Kids grow with their favorite childhood stars

After many years, Miley Cyrus remains an influence due to her Disney character

The title character of Hannah Montana is a role model for an entire generation and continues to be so.

Courtesy of IMDb

The title character of “Hannah Montana” is a role model for an entire generation and continues to be so.

Abby Komiske, Staff Writer

Everyone has their all-time favorite Disney show from childhood — something that they are willing to defend with everything they have.

For me, that’s “Hannah Montana”.

I grew up watching “Hannah Montana”, along with the iconic runner-ups “Phineas and Ferb”, “Wizards of Waverly Place” and “The Suite Life of Zack and Cody”. There’s something about the 2000s era of Disney that really hits home. Sometimes, when I’m too lazy to watch something new on Netflix or Hulu, I return to comfort shows or play soundtrack music. They just don’t make sitcoms or teen romance like they used to. 

For those who may not know, “Hannah Montana” features Miley Cyrus as Miley Stewart, a high schooler with a pop-star alter ego, Hannah Montana. With episodes like “Get Down to Study-Udy-Udy” and “The Way We Almost Weren’t”, Cyrus related to everyday school problems like tests, the fun of friendship and more serious matters like the importance of family and honesty. 

It had the perfect amount of amusing, meaningful and fun entertainment.
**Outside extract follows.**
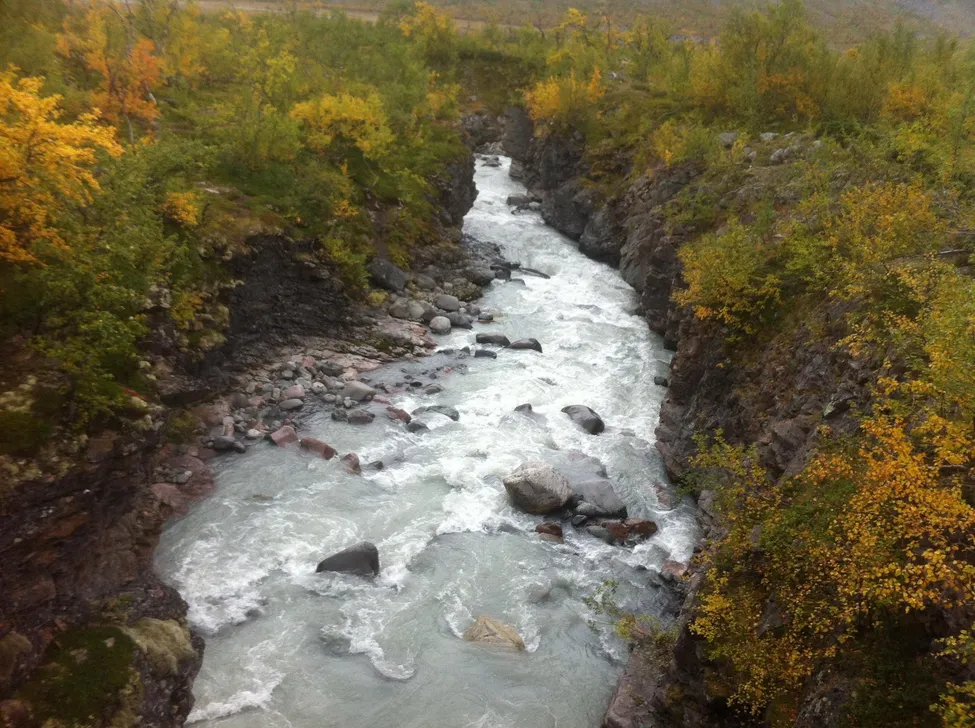 Klicka för att förstora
Because of these aspects, I’ve related to the actress. The show holds wise truths in the middle of nacho cheese jerky, ‘oooh tss’, peanut butter with pickles and Billy Ray Cyrus jokes. 
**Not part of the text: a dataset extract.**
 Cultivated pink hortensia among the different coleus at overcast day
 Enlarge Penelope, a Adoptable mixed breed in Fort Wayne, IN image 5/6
I have various reasons for “Hannah Montana” being my favorite Disney show. The most obvious is that the songs are iconic. In my mind, nothing can beat my favorites: “The Best of Both Worlds”, “Nobody’s Perfect” and “Ordinary Girl”. 
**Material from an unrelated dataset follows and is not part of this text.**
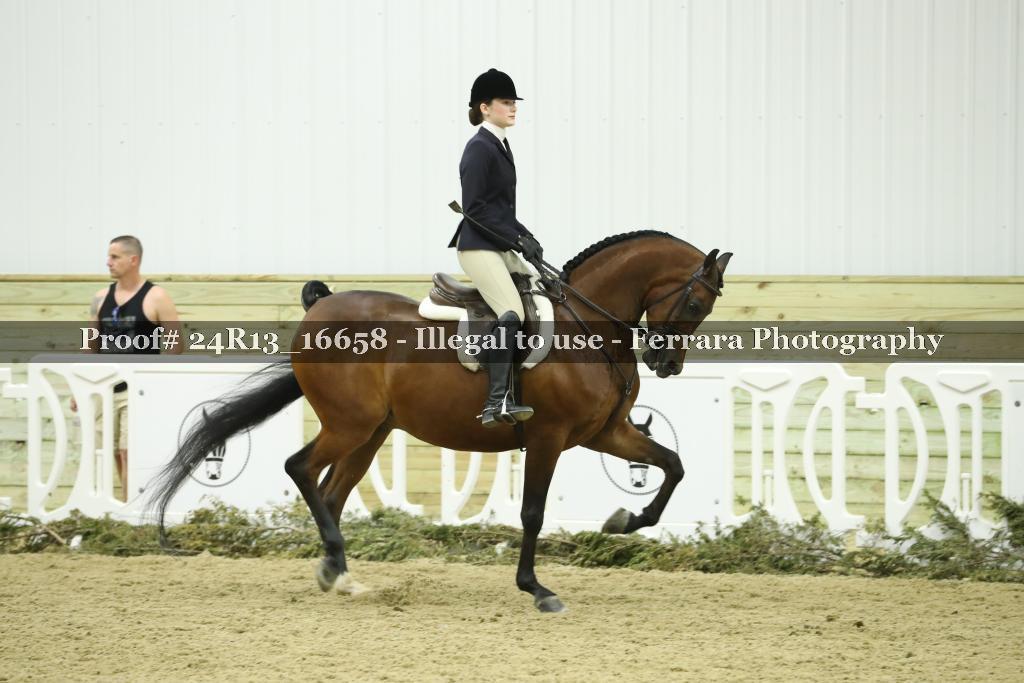 Proof 24R13_16658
Not everyone can create such great content so early in their career, but “Hannah Montana” had no problem performing while tackling typical teen issues, too — which is pretty impressive. Stewart dealt with school, love triangles, keeping her Hannah Montana identity secret from nosy high-schoolers and performing for thousands of fans at the same time.

I, like many in my generation, have grown up with the artist and changed with her. “Hannah Montana” premiered in 2006 and ended in 2011, giving us four great seasons and “Hannah Montana: The Movie” (2009). That’s a solid seven years of development and attachment.

However, after the show ended and the Disney image faded, Cyrus opened up her career to what she wanted for herself. It was time to grow up, for both her and me. That’s a particularly hard thing to do for someone so famous — especially since she started out as a Disney kid, which already has connotations of a go-lucky, kiddy personality — but she has publicly supported her origins while expanding her content. 

Cyrus deserves major respect because some Disney-starters are embarrassed by their childhood careers rather than embracing them. As a fan, you don’t want someone to regret giving you something so pertinent to your own childhood. 

Cyrus received major backlash for growing out of her childhood role, especially when she came out with “Wrecking Ball”. But the showcase of her authentic self is admirable. Cyrus has had her fair share of mix-ups and mistakes, but then again who hasn’t? It all depends on how you react and learn from situations — which I think she has. 

Recently, Cyrus hosted her own New Year’s Eve show and had a wardrobe malfunction. Her top loosened in the middle of a live TV performance on NBC — but she quickly recovered from the situation, put on a blazer and continued to sing “Party in the U.S.A.” She even laughed about it, which is something I’m not sure a 13-year-old pop-star or present-day me could have done. 

At the end of the day, Cyrus has participated in her fair share of controversies, but she isn’t afraid to do what she wants and needs for herself as a person and an icon. Now, I’m not a huge celebrity tracker, and I don’t care much for Hollywood trends, but I’ve always followed Cyrus for nostalgia’s sake. It would be hard not to — I committed back when my mom bought me Hannah Montana crayons, a backpack and a microphone. 

It’s been a long time since I’ve watched “Hannah Montana” after a hard day of second grade, but it will always have a special place in my heart. After all, it’s just as Hannah Montana says, “you can say goodbye, and you can say hello, but you’ll always find your way back home.”